[Haskell-cafe] representing spreadsheets

Alexander Solla alex.solla at gmail.com
Sat May 28 01:16:12 CEST 2011

On Fri, May 27, 2011 at 3:11 PM, Eric Rasmussen <ericrasmussen at gmail.com>wrote:

> Stephen, thanks for the link! The paper was an interesting read and
> definitely gave me some ideas.
> Tillmann -- you are correct in that it's very similar to a database.
> I frequently go through this process:
> 1) Receive a flat file (various formats) of tabular data
> 2) Create a model of the data and a parser for the file
> 3) Code utilities that allow business users to
> filter/query/accumulate/compare the files
> The models are always changing, so one option would be to inspect a
> user-supplied definition, build a SQLite database to match, and use Haskell
> to feed in the data and run queries. However, I'm usually dealing with files
> that can easily be loaded into memory, and generally they aren't accessed
> with enough frequency to justify persisting them in a separate format.

"Worth it" in what terms?  You're either going to have to encode the
relationships yourself, or else automate the process.

> It's actually worked fine in the past to code a custom data type with
> record syntax (or sometimes just tuples) and simply build a list of them,
> but the challenge in taking this to a higher level is reading in a
> user-supplied definition, perhaps translated as 'the first column should be
> indexed by the string "Purchase amount" and contains a Double', and then
> performing calculations on those doubles based on further user input.
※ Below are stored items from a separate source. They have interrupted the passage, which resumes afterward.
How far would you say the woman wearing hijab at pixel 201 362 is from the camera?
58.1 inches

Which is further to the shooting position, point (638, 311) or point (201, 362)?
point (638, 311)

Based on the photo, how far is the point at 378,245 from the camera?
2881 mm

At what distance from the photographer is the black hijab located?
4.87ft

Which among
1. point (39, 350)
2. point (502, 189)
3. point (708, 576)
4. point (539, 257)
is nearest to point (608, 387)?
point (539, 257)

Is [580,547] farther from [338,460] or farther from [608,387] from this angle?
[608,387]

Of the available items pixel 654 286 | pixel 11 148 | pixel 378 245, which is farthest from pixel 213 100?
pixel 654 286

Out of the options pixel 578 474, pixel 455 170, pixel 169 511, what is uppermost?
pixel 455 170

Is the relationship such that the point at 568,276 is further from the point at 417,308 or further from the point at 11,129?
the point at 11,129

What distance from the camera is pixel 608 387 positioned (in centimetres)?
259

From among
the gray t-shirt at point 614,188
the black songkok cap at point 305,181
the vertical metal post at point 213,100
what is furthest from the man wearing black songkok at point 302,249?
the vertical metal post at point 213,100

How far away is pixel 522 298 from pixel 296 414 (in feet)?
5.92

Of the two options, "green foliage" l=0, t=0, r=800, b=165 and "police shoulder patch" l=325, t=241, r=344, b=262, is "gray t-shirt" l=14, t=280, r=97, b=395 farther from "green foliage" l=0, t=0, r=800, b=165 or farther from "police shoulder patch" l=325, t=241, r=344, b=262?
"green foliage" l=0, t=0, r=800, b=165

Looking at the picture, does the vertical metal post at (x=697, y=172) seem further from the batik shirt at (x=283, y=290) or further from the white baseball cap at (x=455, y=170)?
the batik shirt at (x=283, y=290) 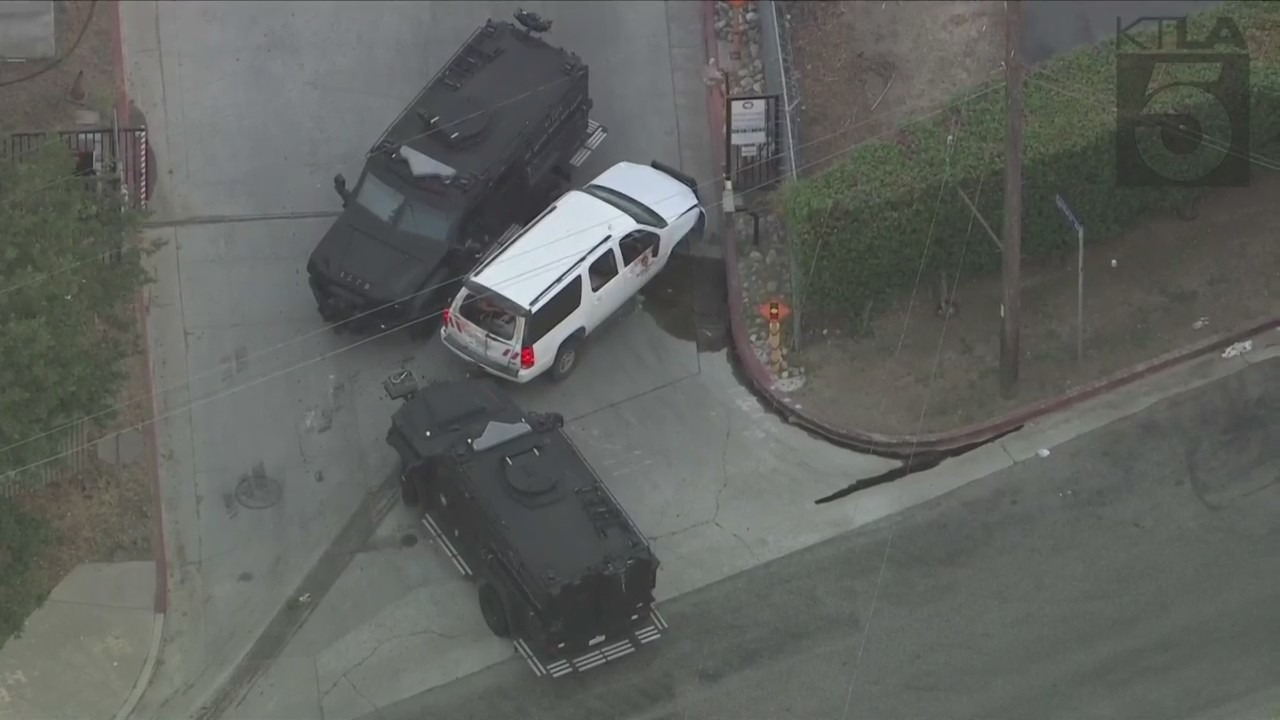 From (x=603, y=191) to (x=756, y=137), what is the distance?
2.18 meters

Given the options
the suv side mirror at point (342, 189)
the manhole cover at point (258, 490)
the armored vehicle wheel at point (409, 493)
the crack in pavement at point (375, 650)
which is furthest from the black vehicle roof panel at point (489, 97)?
the crack in pavement at point (375, 650)

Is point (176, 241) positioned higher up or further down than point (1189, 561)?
higher up

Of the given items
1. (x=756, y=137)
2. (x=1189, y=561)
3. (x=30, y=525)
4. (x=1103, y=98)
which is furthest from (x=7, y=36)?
(x=1189, y=561)

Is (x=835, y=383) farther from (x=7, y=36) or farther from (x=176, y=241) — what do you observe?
(x=7, y=36)

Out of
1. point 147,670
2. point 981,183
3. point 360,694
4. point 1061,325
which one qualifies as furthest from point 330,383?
point 1061,325

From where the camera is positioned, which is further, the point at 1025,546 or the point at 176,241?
the point at 176,241

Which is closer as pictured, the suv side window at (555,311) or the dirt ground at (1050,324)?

I'm
> trying to get over bad object-oriented habits of assigning attributes at
> runtime and inspecting types to determine which functions can be applied to
> which data, and I'm not sure what concepts of functional programming better
> address these requirements.
My intuition is to use some kind of initial algebra to create a list-like
structure /for each record/  For example, with GADTs:.

data Field a = Field { name  :: String }
data Value a = Value { value :: a }

> Presumably, your data definition will parse
> into:
data RecordScheme where
     NoFields :: RecordScheme
     AddField :: Field a -> RecordScheme -> RecordScheme

> And then, given a record scheme, you can
> construct a Table running the appropriate
> queries for the scheme and Populating its
> Records.

data Record where
     EndOfRecord :: Record
     Populate    :: Value a -> Record -> Record

type Table = [Record]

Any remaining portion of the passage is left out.